Loads of Learned Lumber

Friday, November 23, 2018

Paul Williams, _Outlaw Blues_

I AM WORKING through Shake It Up, the Library of America anthology of rock-&-pop music journalism, with a student who is doing a "directed readings," and one of the volume's first items is "Outlaw Blues," the first chapter of Williams's first book, which is mainly a collection of his pieces from Crawdaddy!, founded by Williams, often cited as the first U.S.A. periodical devoted to rock music.

Re-reading Williams's tripped-out excursus on the Rolling Stones' Satanic Majesties Request and Jefferson Airplane's After Bathing at Baxter's was a Proustian madeleine for me, as I had read Outlaw Blues when I was in high school, probably 1970 or 1971 (it was published, a "Dutton Paperback Original," in 1969).
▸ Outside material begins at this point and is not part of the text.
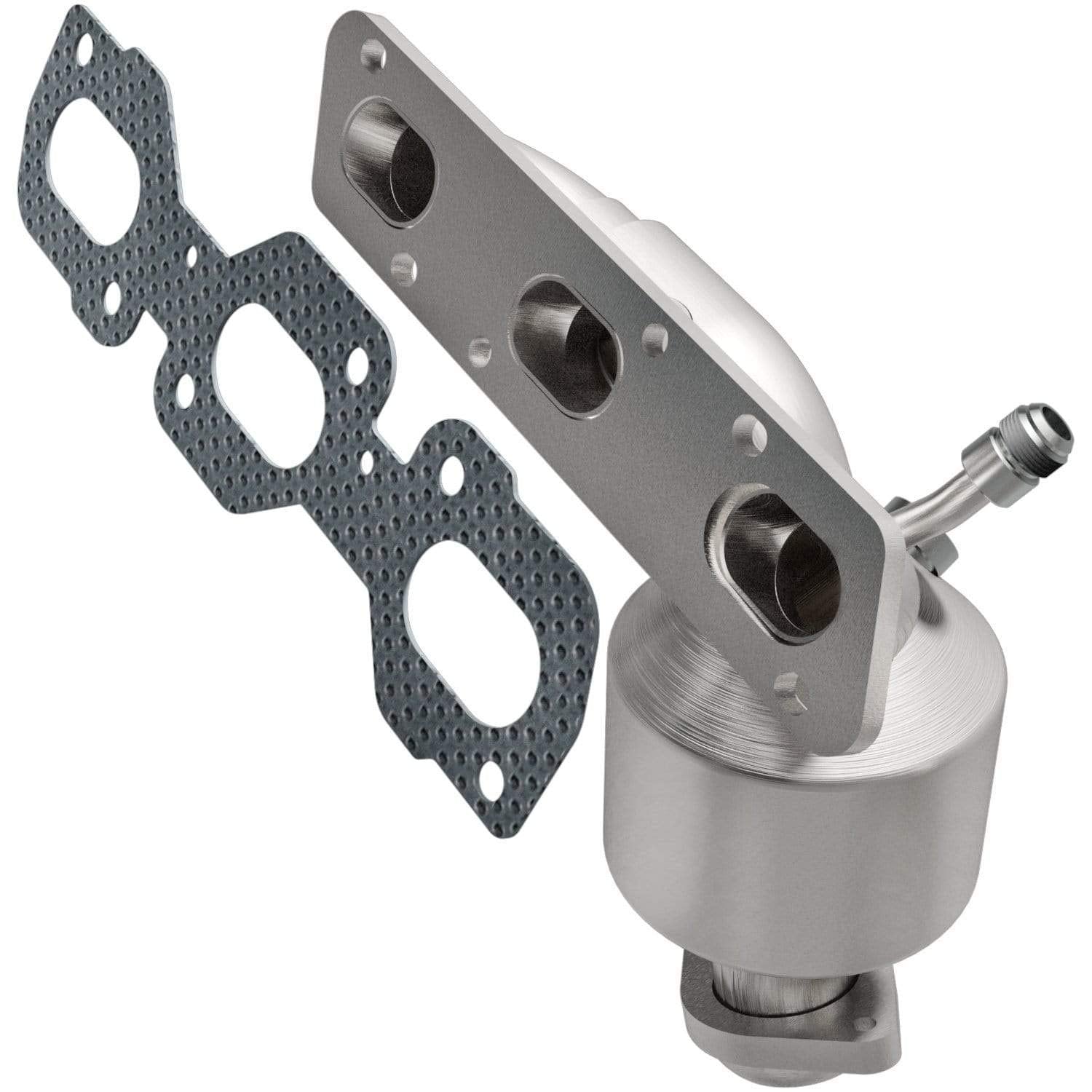 Direct Fit MagnaFlow Exhaust Products 452003 Catalytic Converter (CARB compliant)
Back then, I devoured Outlaw Blues, reading it in a day or two and then re-reading it--the most enlightening, stimulating, and original thing I had yet read about the music that was occupying an ever-growing domain of my mental landscape. In fact, it has had only a few rivals for me since. Now, nearly fifty years on, seemed like an opportune time to re-read it.

Most of the pieces date from 1966 and 1967, a time of soaring confidence in the power of popular music to shape culture. Williams writes:

   At this stage of its history, rock is bursting forth from restrictions placed on it in childhood, and I suppose we can say it is having a brilliant, though difficult, adolescence. It is discovering, in new ways every day, just what is really going on out here; and every new discovery is heralded as the final, unassailable truth. And perhaps (I hear it in the most recent music of the Kinks, the Who, the Byrds, the Beach Boys, Dylan) rock is just now beginning to discover that there are no unassailable truths, there is only greater and greater awareness of the universe. And of oneself.

This extravagant hope had already gone rancid around the edges by the time I read the book, post-Manson, post-Altamont, post-Beatles breakup, post-Self Portrait, but it still spoke to me, somehow. The artists listed in the parenthesis are all in my own pantheon, as are most of the other groups Williams discusses elsewhere in the book--Love, Buffalo Springfield, the Rolling Stones--and I think the music of 1966-67 and Williams's way of talking about it remained foundational for me ever after. It was because of Williams that I bought Blonde on Blonde, fell in love with such unlikely projects as Their Satanic Majesties Request, and became obsessively curious about what Smile sounded like.

Williams died in 1995. I never read another book of his--apparently he became a kind of New Age seer, as the above reference to "awareness of the universe" pre-figures. But I owe him an immense debt, which I gladly acknowledge here.